The Democrat-controlled House is expected to vote this week on two gun control bills, one of which would subject gun sales by licensed dealers to federal review while the other would impose a universal background check on gun owners.
Last week, the House Judiciary Committee passed both measures on a 23-15 vote along party lines.
In a public statement, the National Rifle Association said the measures would not cut off criminals’ access to firearms and instead would inconvenience law-abiding citizens.
Titled the Bipartisan Background Checks Act, one of the bills targets firearms purchased online or at gun shows, requiring these purchases to be subject to the federal background check system.
The legislation would amend current law that mandates only licensed firearms dealers must perform background checks before approving a gun sale.
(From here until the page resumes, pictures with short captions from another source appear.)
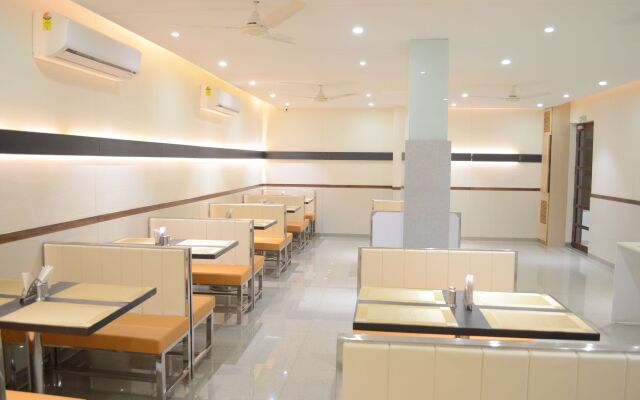 Hotel Ashray Inn Express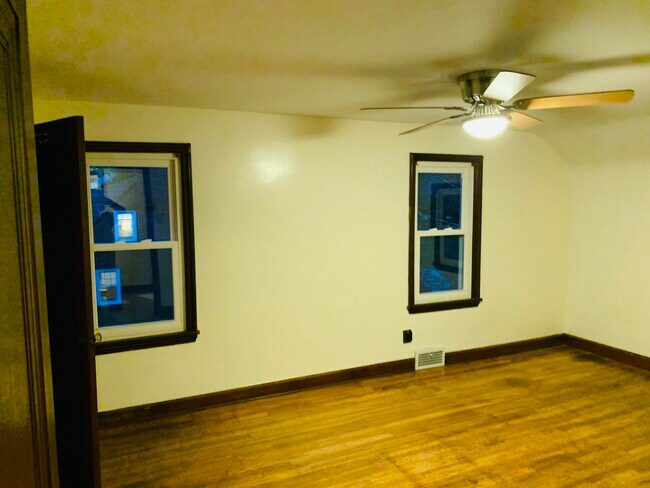Building Photo - 1015 Willow Dr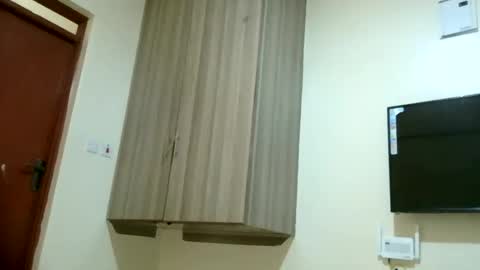 zuri online show from 02/21/25, 02:59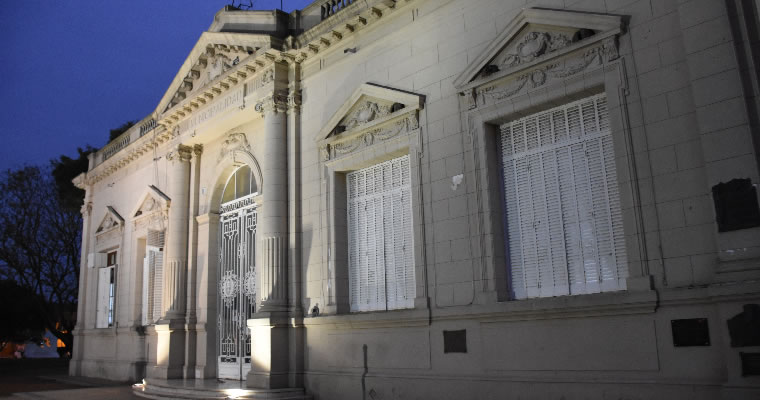 Revilla aseguró el pago de aguinaldo y bono de fin de año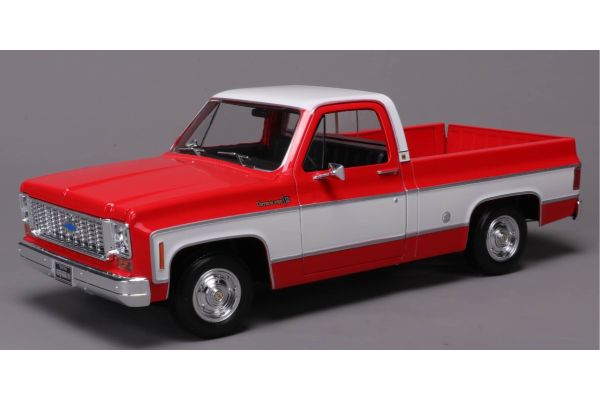 MAISTO 1/18 1974 シボレー C10 シャイアンスーパー ピックアップ レッド/ホワイト  [No.MS31467RW]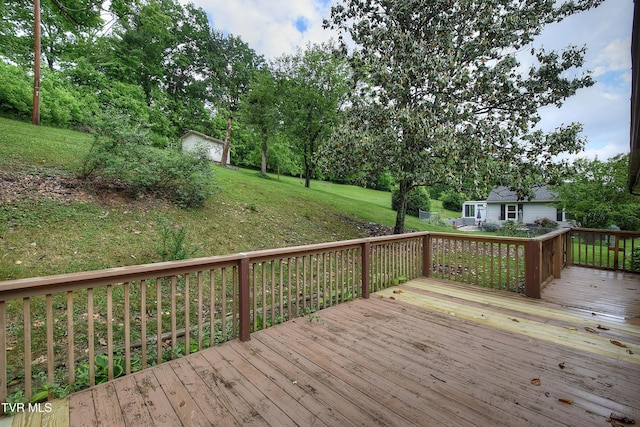 416 Ridgefields Rd, Kingsport, TN 37660 - deck featuring a lawn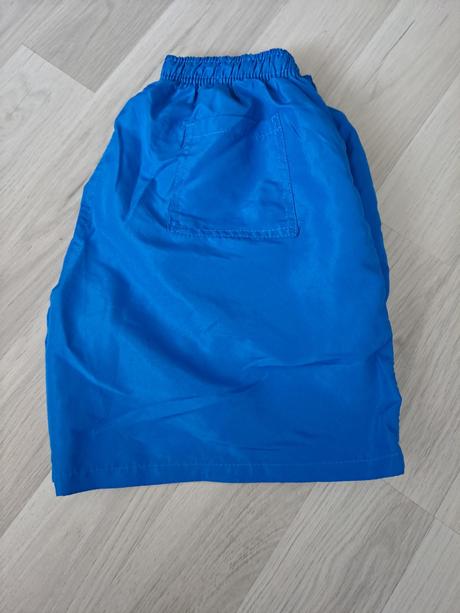 Plavkové šortky, 164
The amendment would require all gun transfers go through licensed firearm dealers to run background checks.
Gifts between family members and temporary transfers for use at a shooting range and hunting would be exempt from a background check.
The bill isn’t as bipartisan as its title suggests, with only four Republicans co-sponsoring the measure besides King: Brian Fitzpatrick of Pennsylvania, Brian Mast of Florida, Fred Upton of Michigan, and Chris Smith of New Jersey.
The other bill, sponsored by House Majority Whip James Clyburn, D-S.C., would extend the review period for a gun sale for up to 20 days. It is co-sponsored by King and Rep. Joe Cunningham, D-S.C.
Under the proposed Enhanced Background Checks Act, gun owners no longer would be able to bypass a background check if it isn’t completed within three days.
The review period would be extended to 10 days and the bill would allow the buyer to request a review if the check hasn’t been completed by then. If another 10 days goes by without notification from the background check system, the gun sale could advance.
House Democrats said the three-day safety valve allowed a gunman to fatally shoot nine persons at a Bible study inside Emanuel African Methodist Episcopal Church in Charleston, South Carolina, in June 2015.
Proponents of the bill cite that time period as the central justification to enhance communications between local law enforcement and the federal background check system. The gunman was able to buy a gun despite pending felony drug charges against him.
The National Rifle Association countered the notion that the three-day waiting period led to the Charleston shooting, noting that the shooter’s attempt to purchase the firearm on April 11, 2015, was delayed because of his arrest for drug possession.
However, the NRA also said the firearm “was transferred to him five days later, absent a direct proceed order from the National Instant Background Check System,” adding:
The attack did not occur until June 17. In the intervening time, the FBI had the opportunity to continue to investigate whether the perpetrator was prohibited from possessing firearms and could have referred the case to ATF [the Bureau of Alcohol, Tobacco, Firearms and Explosives] for a firearm retrieval had they determined he was indeed prohibited.
The NRA concludes that due to the FBI’s failure to continue an investigation on the gun transfer, lawmakers’ attempt to connect the Charleston shooting to the three-day waiting period is false.